Unfortunately, this strategy of seeking out smaller yards doesn’t always work. Here are a few facts about the effort required to maintain a smaller yard — and how to do it successfully.
Smaller Yard Means Less Storage
Taking care of a yard requires not only effort but also the right tools. At the very least, the average yard owner needs:
- A lawn mower
- A weed whacker
- A wheelbarrow
- A hose
- A garden rake
- A leaf rake
- A trowel
- A garden spade
- Hedge clippers
- A push broom
- A ladder
Unfortunately, rakes and lawn mowers are always roughly the same size, so when your yard is smaller, your tools will take up a larger percentage of your space. In a larger yard, you could build a small shed to hold all your equipment, but when you barely have a few square feet of outdoor space, you simply don’t have any storage to speak of.
Fortunately, there is a solution: hiring a yard care service. For example, in a big city like Baltimore, lawn mowing services bring their own mowers, edgers, aerators, drop seeders and more, so you don’t need to think about any aspect of lawn maintenance, let alone how you will store all the stuff associated with it. Because the size of your yard is small, you probably won’t outlay much to keep up these professional services, and you will better enjoy the time and space not devoted to yard work.
Smaller Yard Means Less Charm
There is something slightly fantastical about a large and lush backyard. Hiding in the shade of large trees, behind thickets of attractive shrubs and amongst the rose bushes, there is magic. However, when you can stretch your arms out and brush your home and your back fence, much of that charm is inherently lost. You can see every corner of your small yard, which means the illusion and mystery of a larger garden is much more difficult to achieve.
However, it isn’t impossible to have a small but charming outdoor space. Here are a few ideas for adding magic back into a diminutive backyard:
- Use your vertical space. Because you can’t expand outward, you’ll need to build interest up. You can create layers of greenery with medium-height and tall plants, or you might create a garden wall with climbing plants or graduated pots.
- Use bold colors. Monochrome is classy but bland, especially in a small space. You can speak volumes by adding brightly colored furniture, painting a wall with a saturated hue or opting for large and loud blooms.
- Use simplicity. The smaller your space, the simpler your design needs to be. If you crowd your small backyard with greenery, furniture and other decorations, you could risk looking like a hoarder.
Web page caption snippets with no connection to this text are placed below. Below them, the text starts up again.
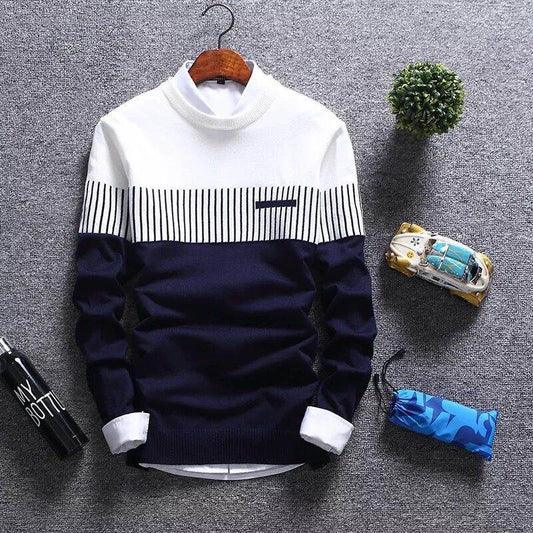Men's Crew Neck Sweater Pullover Sweater - Mubimart
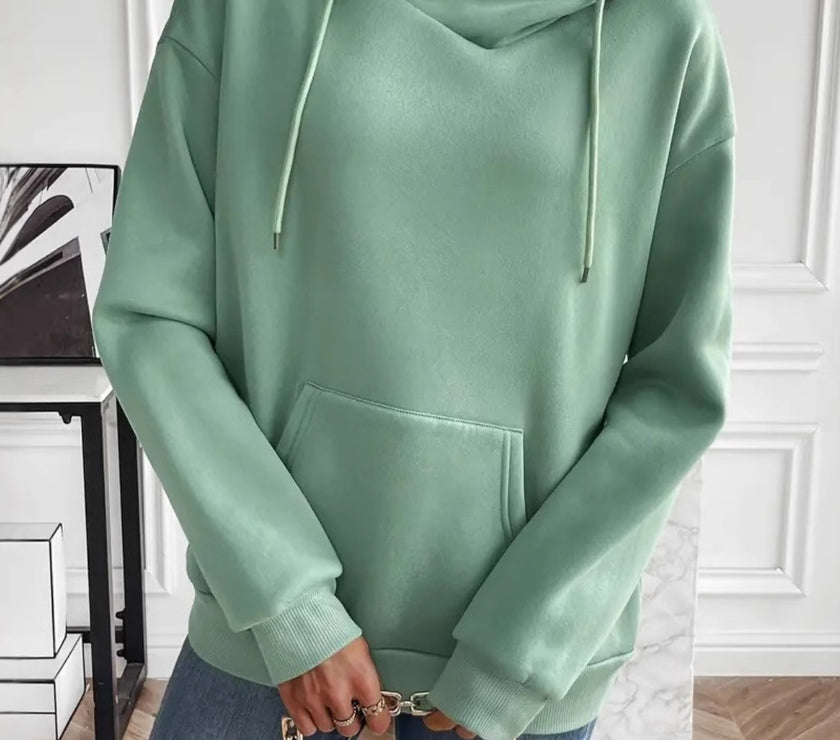 Drawstring Long Sleeve Hoodie with Kangaroo Pocket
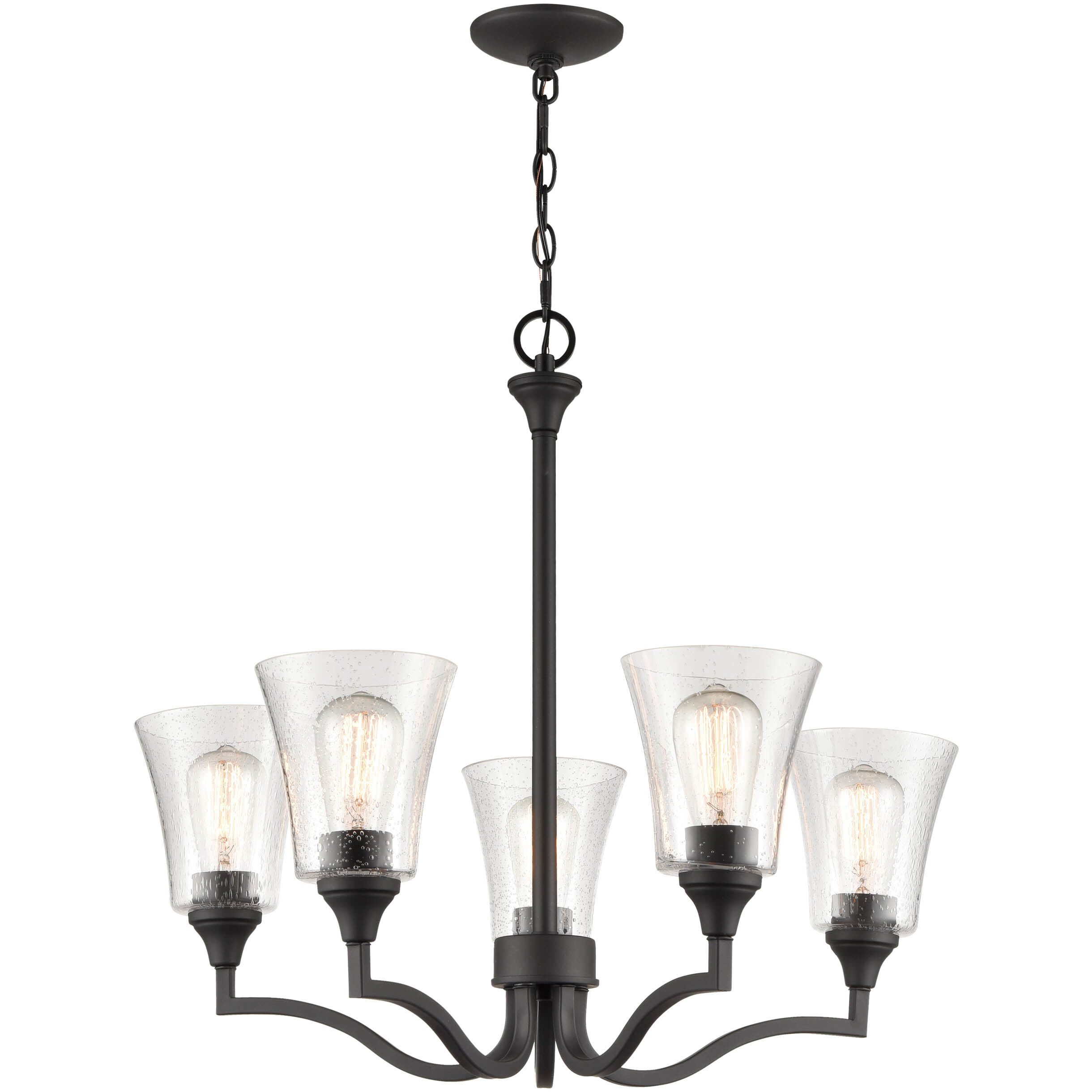Caily 5 Light 26 inch Matte Black Chandelier Ceiling Light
Think minimal modern first, and expand if you have extra room.
Smaller Yard Needs Smart Design
When you don’t have much room to spread out, you need to be careful how you organize your outdoor space so you can find function as well as charm in your yard. In a larger yard, you can create different sections for different activities: a play structure for the kids, an outdoor kitchen for the adults and a lawn for the pets. However, when you lack square footage outside, you need to be smart with how you arrange your space.
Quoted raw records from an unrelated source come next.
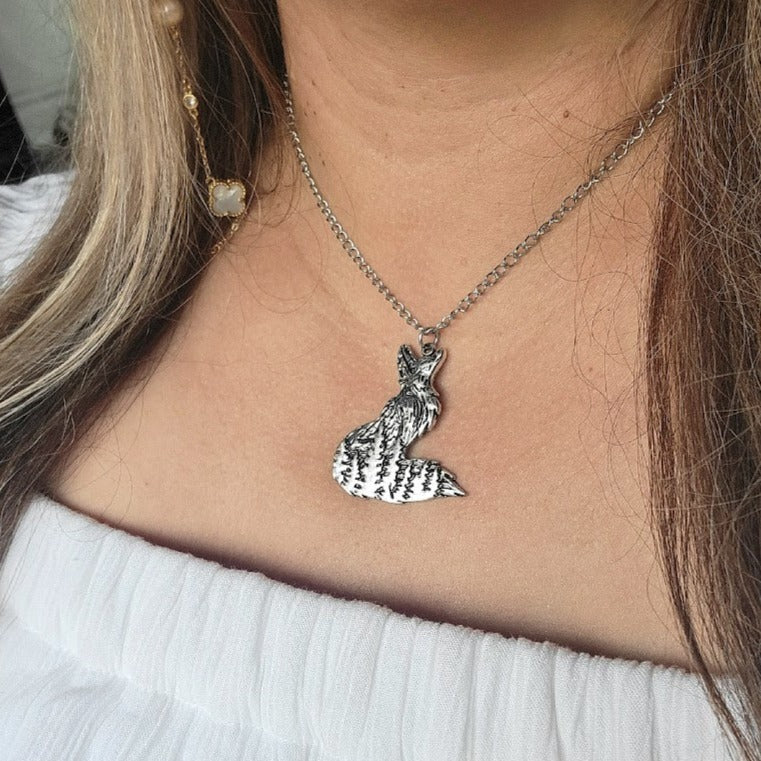 Silver Fox Necklace, Female Vixen Pendant, Kwahn Inspired Charm, Elegant Forest Animal Jewelry, Wilderness Accessory, For the Sexy Woman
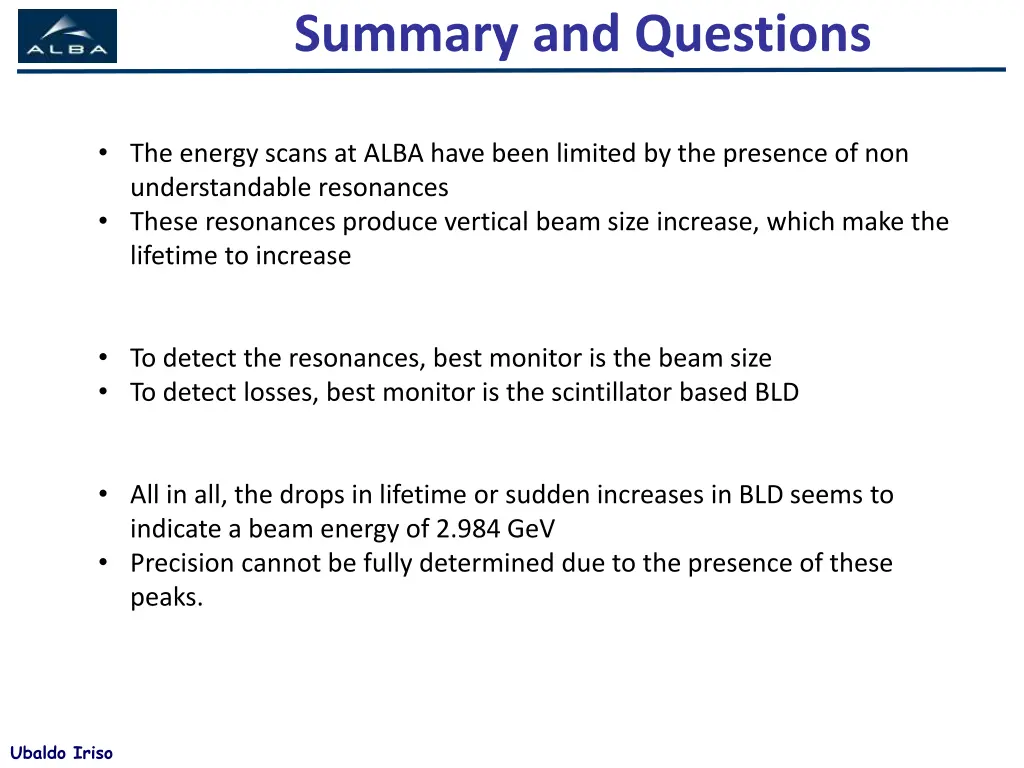 summary and questions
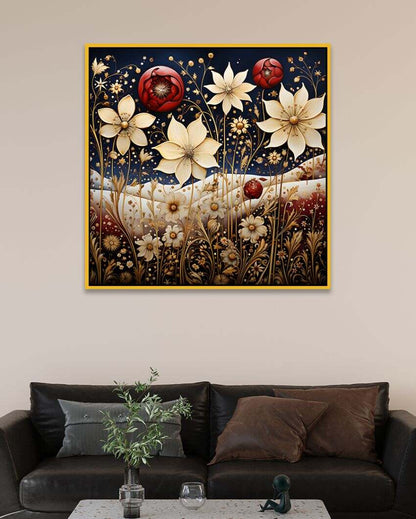 Abstract Golden Floral Canvas Wall Painting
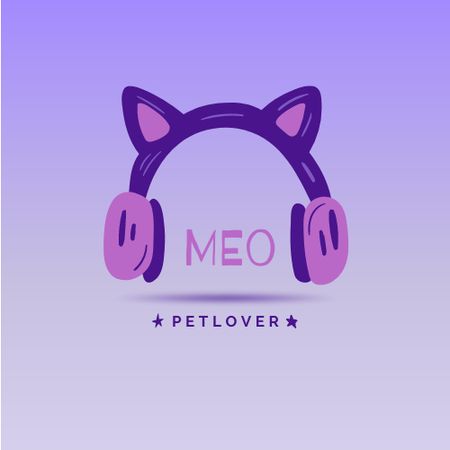 Animal Shelter Ad with Cute Cat's Ears Logo tervezősablon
Specifically, you need to prioritize functions in your backyard. If you have kids and/or pets, they will likely take precedence in the space, so you will probably want your yard to be dominated by a lawn that won’t succumb from plenty of play. Then again, if you like to entertain, you should choose to mold your space for guests with plenty of seating and perhaps a firepit. If you lack well-honed spatial awareness, you might want to use an outdoor designer to help you create a functional and beautiful yard.
A small yard is a good choice for those who don’t need much space — but a small yard doesn’t excuse you entirely from the woes of exterior design and maintenance. As long as you are aware of the concerns that come with smaller areas, you should succeed at getting what you want from your outdoor space.